## [The problem]
Of the material below, only the lines from the line containing "广州海心沙夜景航拍广州大桥天河体育中心夜" down to the line containing "Round wall clock Floral pattern" belong in the answer, written out exactly.

## [Dataset records]
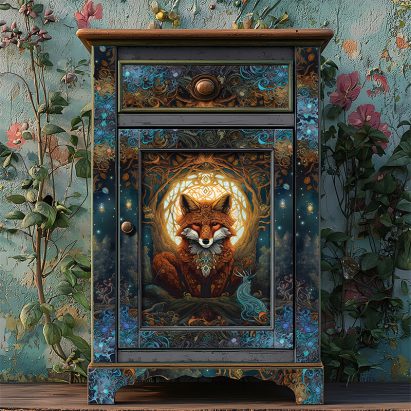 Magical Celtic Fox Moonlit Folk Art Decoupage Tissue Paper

---

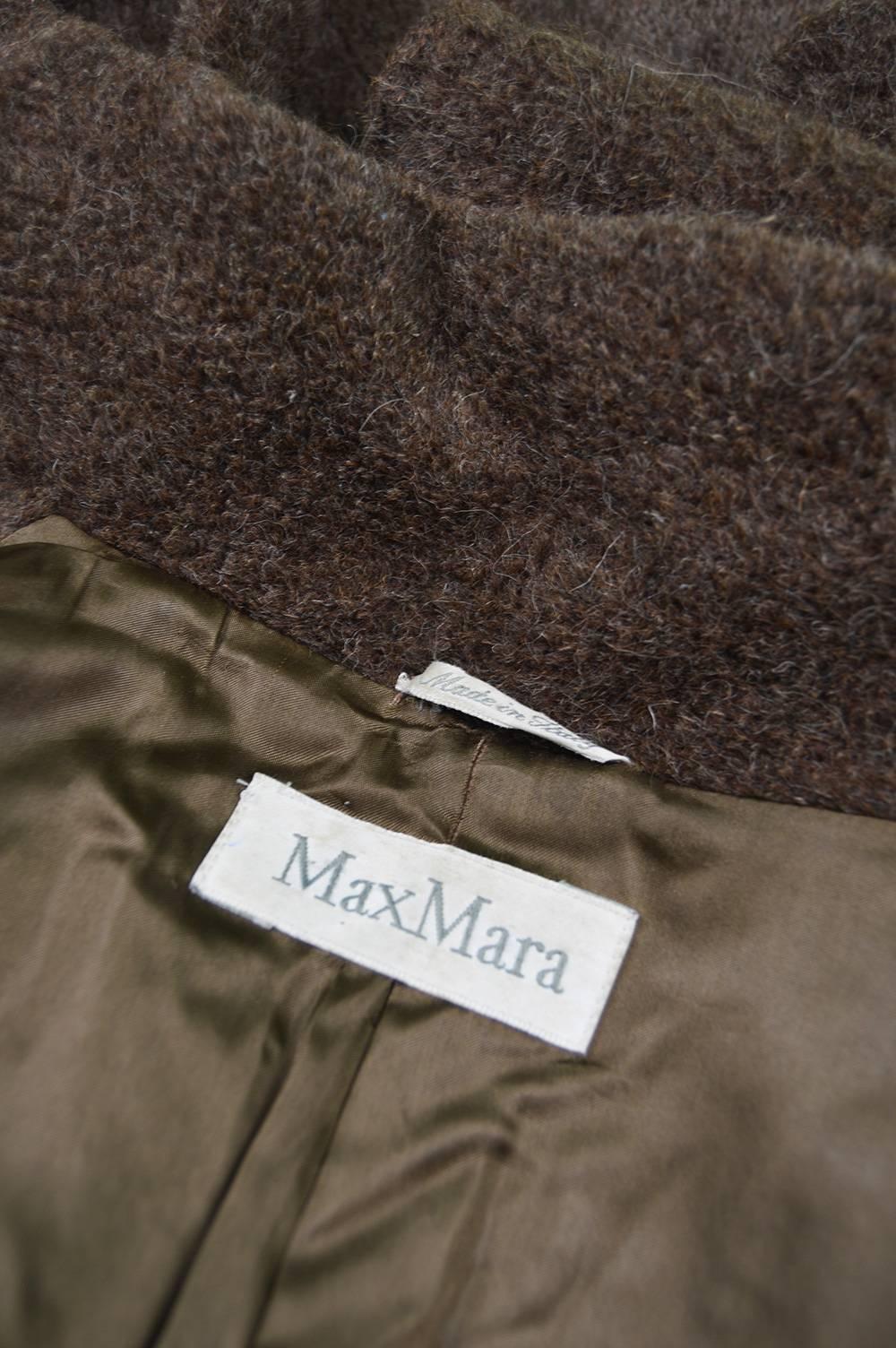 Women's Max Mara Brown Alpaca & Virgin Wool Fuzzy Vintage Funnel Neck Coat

* * *

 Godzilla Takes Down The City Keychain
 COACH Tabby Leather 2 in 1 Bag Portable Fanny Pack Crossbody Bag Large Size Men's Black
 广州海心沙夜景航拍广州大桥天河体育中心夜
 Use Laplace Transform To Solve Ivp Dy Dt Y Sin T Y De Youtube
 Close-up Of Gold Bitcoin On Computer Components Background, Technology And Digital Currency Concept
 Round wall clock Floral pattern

## [Task output]
 广州海心沙夜景航拍广州大桥天河体育中心夜
 Use Laplace Transform To Solve Ivp Dy Dt Y Sin T Y De Youtube
 Close-up Of Gold Bitcoin On Computer Components Background, Technology And Digital Currency Concept
 Round wall clock Floral pattern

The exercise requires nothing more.